# Problem statement
Exclude the pictures, then copy word for word the lines running from the beginning of the records through the line with "Stripes HE6657 Rouge".

# Caption-style text data
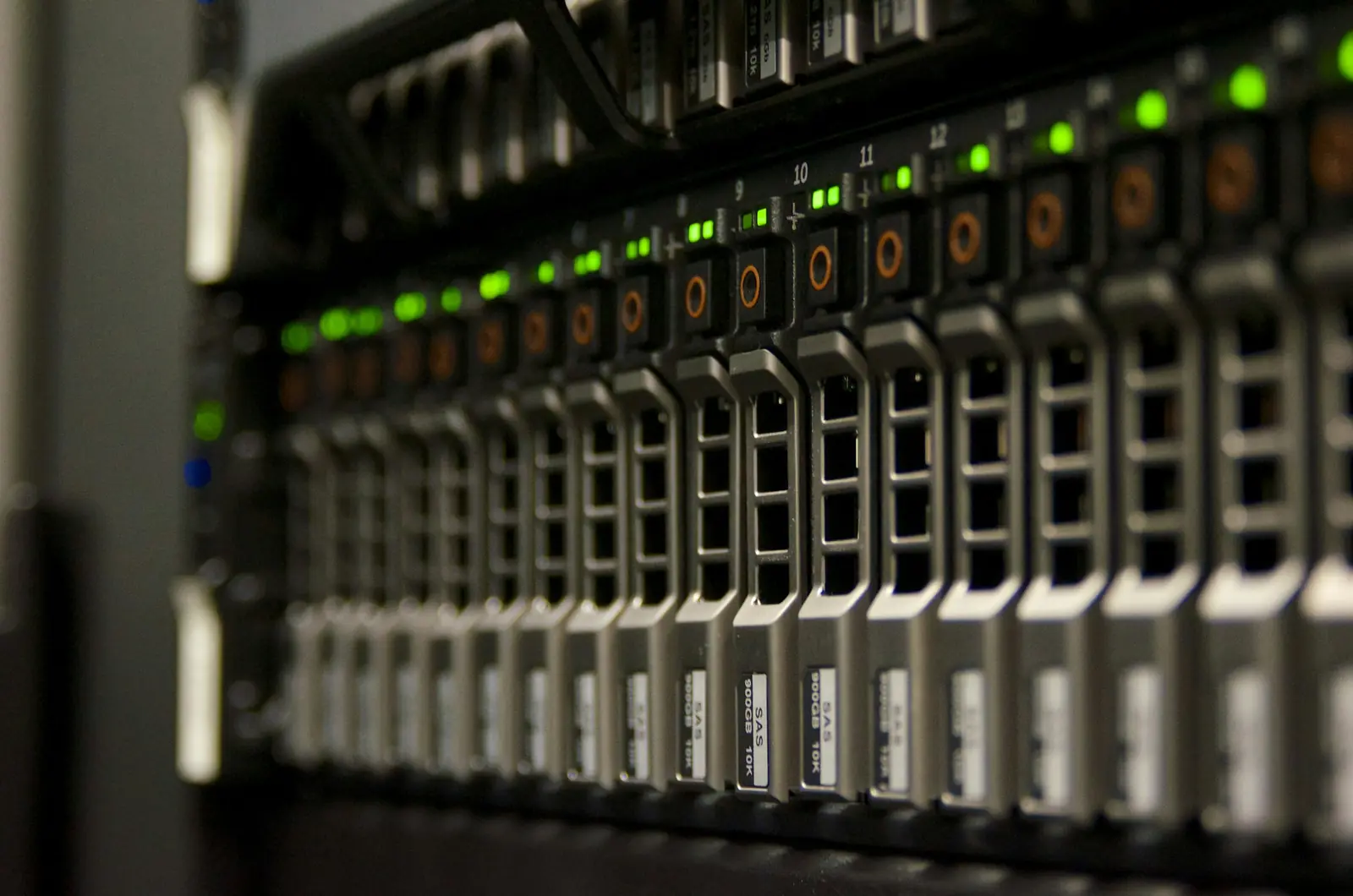 Frente de um servidor em rack com uma fila de gavetas de discos e indicadores luminosos verdes, numa sala escura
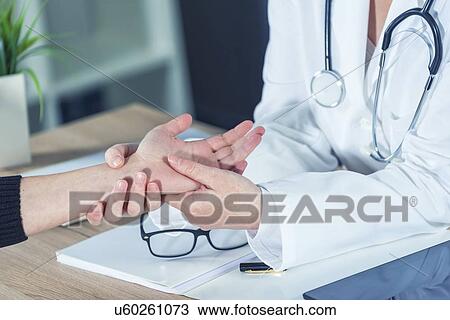 Doctor examining woman's wrist. View Large Photo Image Stock Image - Doctor examining woman's wrist.. Fotosearch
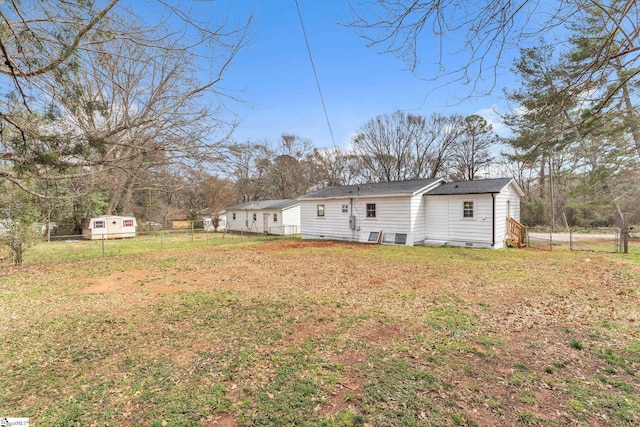 rear view of house featuring a yard, crawl space, an outdoor structure, and fence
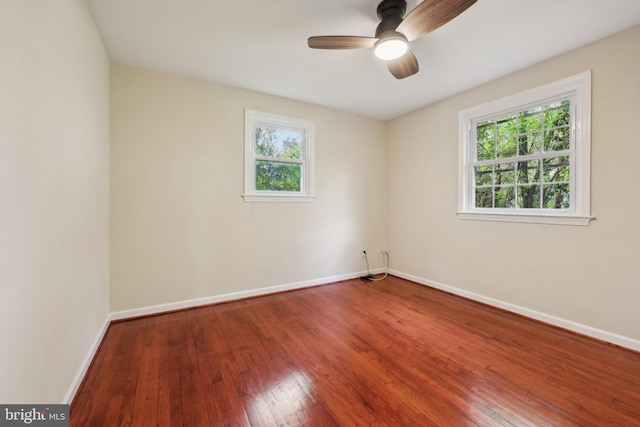 9532 Sherwood Dr, Upper Marlboro, MD 20772 - unfurnished room with plenty of natural light, baseboards, ceiling fan, and hardwood / wood-style floors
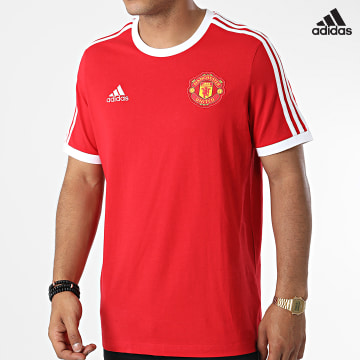 https://laboutiqueofficielle-res.cloudinary.com/image/upload/v1627638668/Desc/Watermark/adidas_performance.svg Adidas Performance - Tee Shirt A Bandes Manchester United DNA 3 Stripes HE6657 Rouge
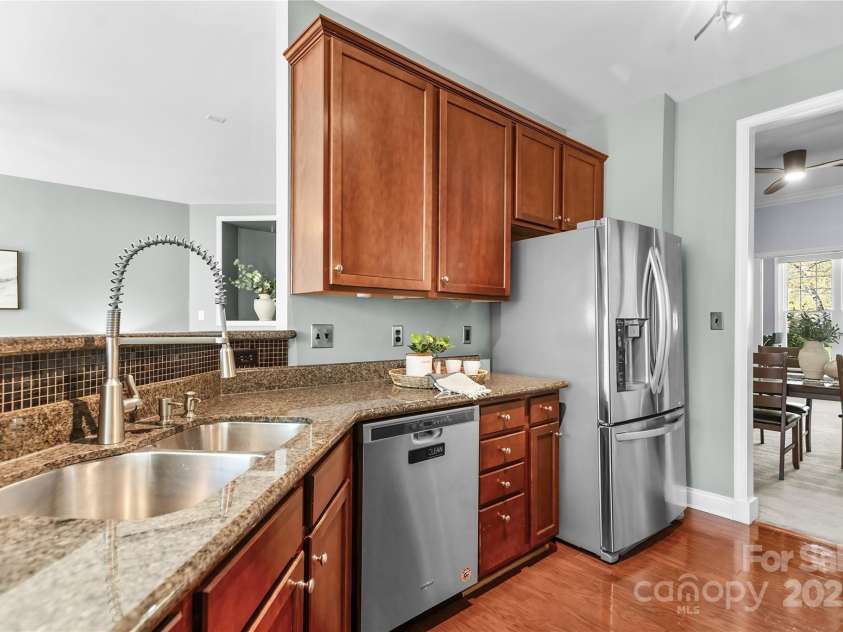 9724 Cadman Court, Cornelius, NC 28031.  MLS# CAR4233696, YatesRealty ID 3312. Kitchen with granite counters, stainless steel appliances, plenty of cabinets for storage, pantry & breakfast area!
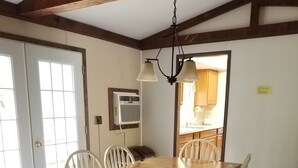 Ein Esszimmer mit Holztisch und weißen Stühlen, einem Deckenventilator und einer durch eine offene Tür einsehbarer Küche.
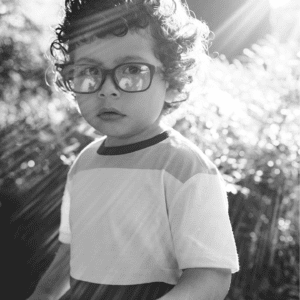 Black and white photo of toddler male with glasses standing in sunlight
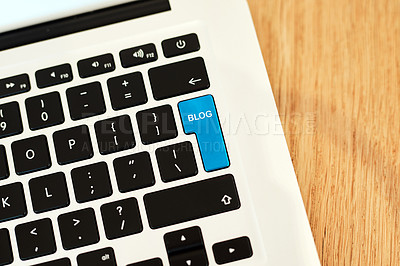 Buy stock photo High angle shot of a highlighted key of a blogger's laptop on a desk during the day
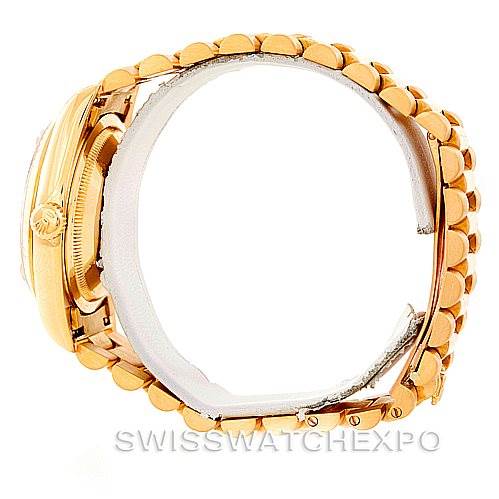 Side-angle view of a Rolex President 18238 Men
s Yellow Gold Champagne Dial 18238 Men
s Yellow Gold Champagne Dial watch, highlighting the bracelet, bezel, and crown.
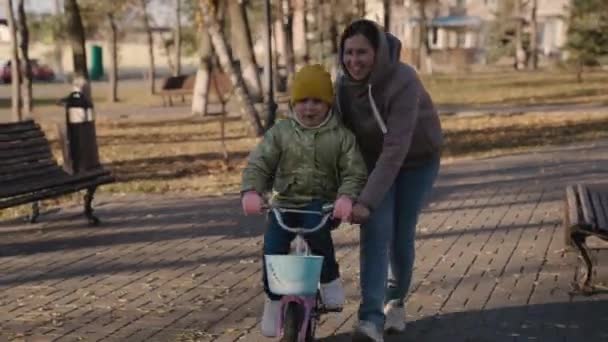 Vidám gyermek tanul lovagolni kétkerekű kerékpár az anyjával, boldog család, gyerek nevet pedál kerék vezetés közben, baby play city park az anyjával, szülő segít a lánynak tanulni előre — Stock videók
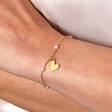 Close Up of Model Wearing Beaded Pearl Heart Charm Bracelet in Gold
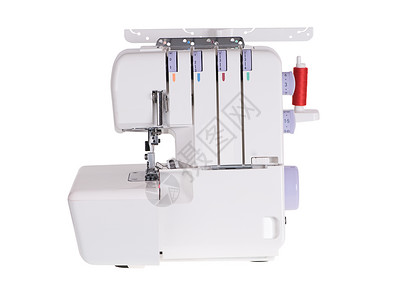 缝纫机塑料白色针线活机器包缝机械工具裁缝白色的高清图片素材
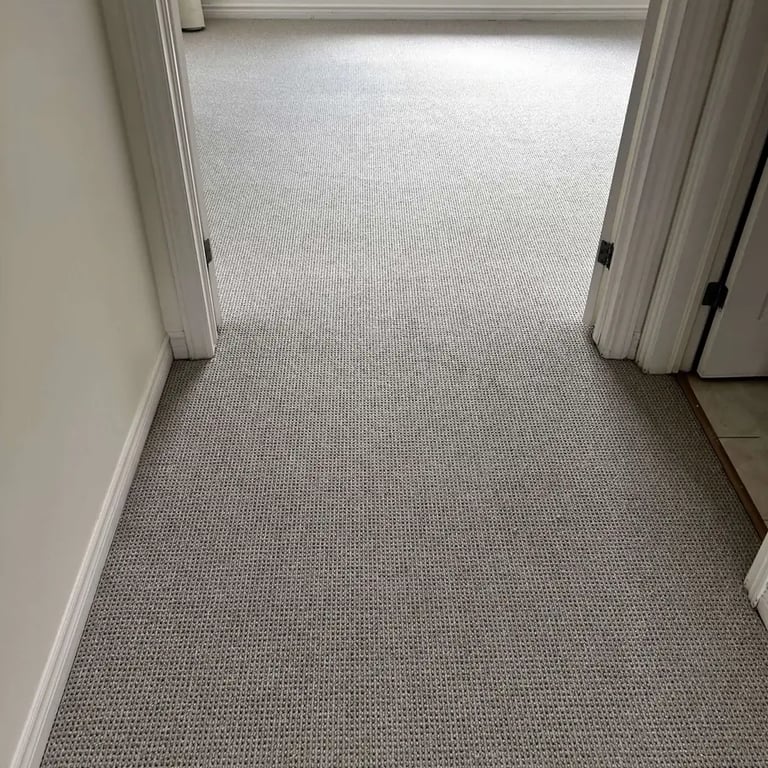 Grey Berber carpet installed in a London hallway – durable and textured carpet for high-traffic areas.
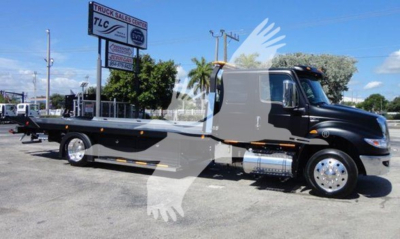 International MV tow truck flatbed with black cab and gray chassis showing side profile and chrome fuel tanks.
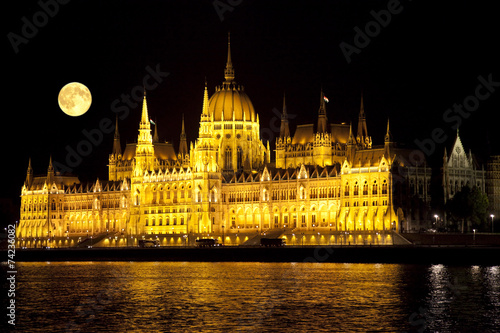 Parliament building in Budapest, Hungary at moonlight night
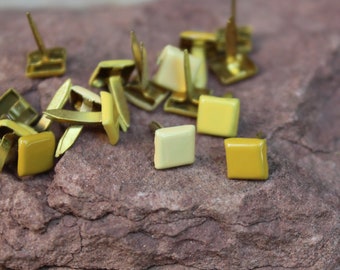 May include: A close-up of a pile of gold-colored metal tacks with square heads. Some of the tacks have a light yellow finish, while others have a darker yellow finish.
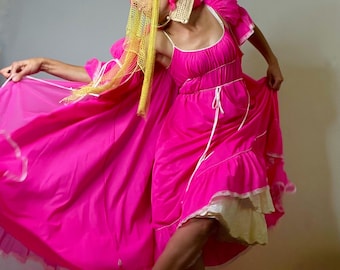 May include: A vibrant fuchsia dress with a flowing skirt and white trim. The dress features a square neckline and a layered skirt. A matching cape and headpiece with pink accents and yellow netting complete the ensemble. The outfit is a bold statement.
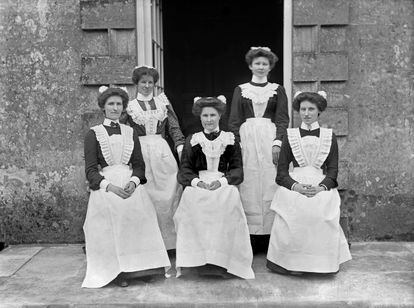 Servants at Biddlesden Park House, Buckinghamshire, in a photo taken between 1896 and1920.
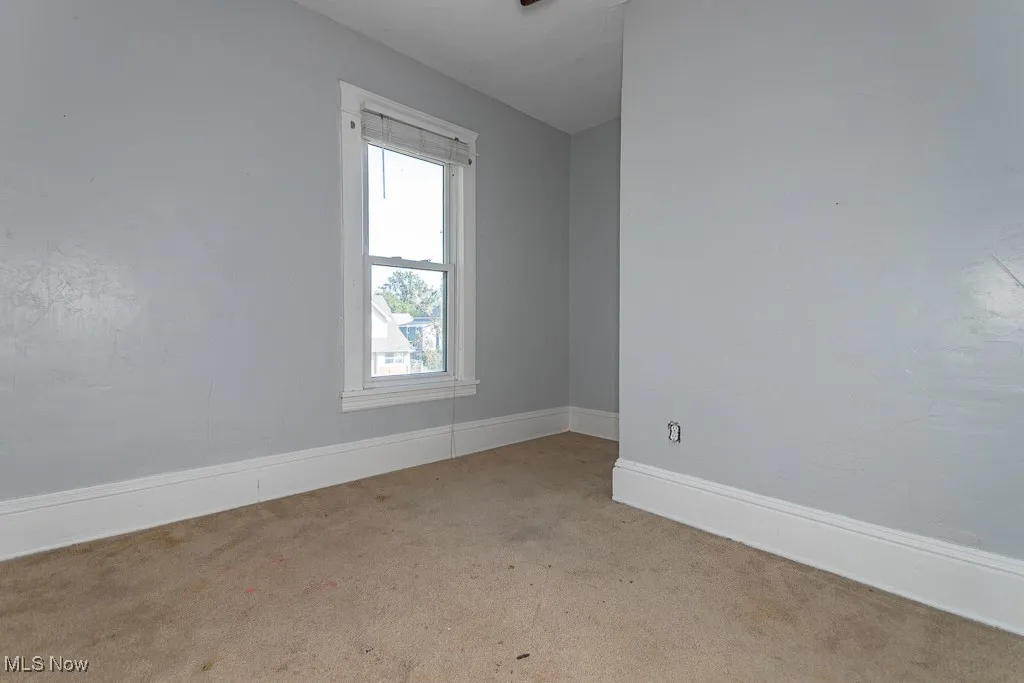 Spare room with baseboards and carpet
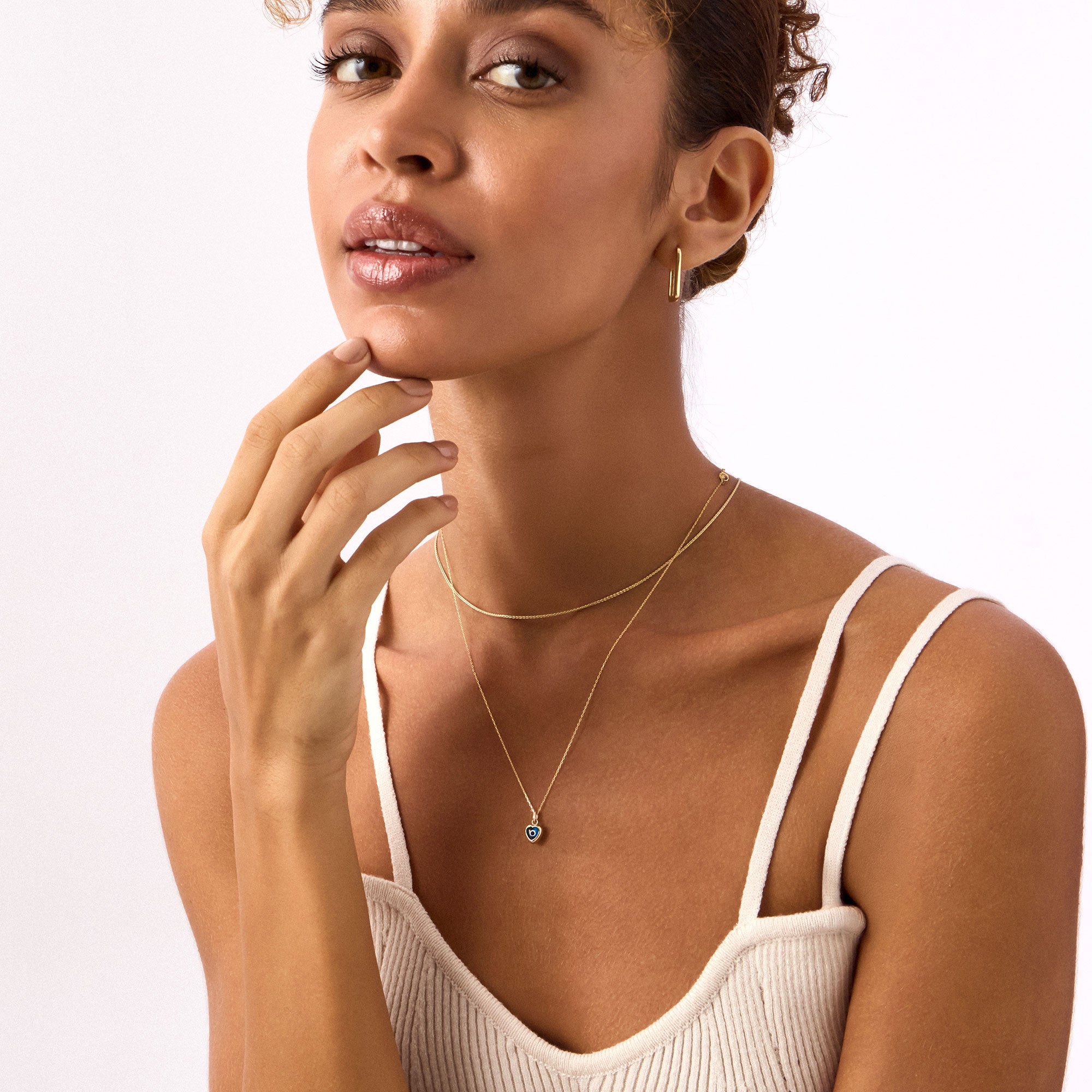 Blue heart evil eye necklace in 14K yellow gold. A dainty protective charm necklace with a modern design, ideal for adding a touch of luck and style to any outfit.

# Solution to this problem
 Frente de um servidor em rack com uma fila de gavetas de discos e indicadores luminosos verdes, numa sala escura
 Doctor examining woman's wrist. View Large Photo Image Stock Image - Doctor examining woman's wrist.. Fotosearch
 rear view of house featuring a yard, crawl space, an outdoor structure, and fence
 9532 Sherwood Dr, Upper Marlboro, MD 20772 - unfurnished room with plenty of natural light, baseboards, ceiling fan, and hardwood / wood-style floors
 https://laboutiqueofficielle-res.cloudinary.com/image/upload/v1627638668/Desc/Watermark/adidas_performance.svg Adidas Performance - Tee Shirt A Bandes Manchester United DNA 3 Stripes HE6657 Rouge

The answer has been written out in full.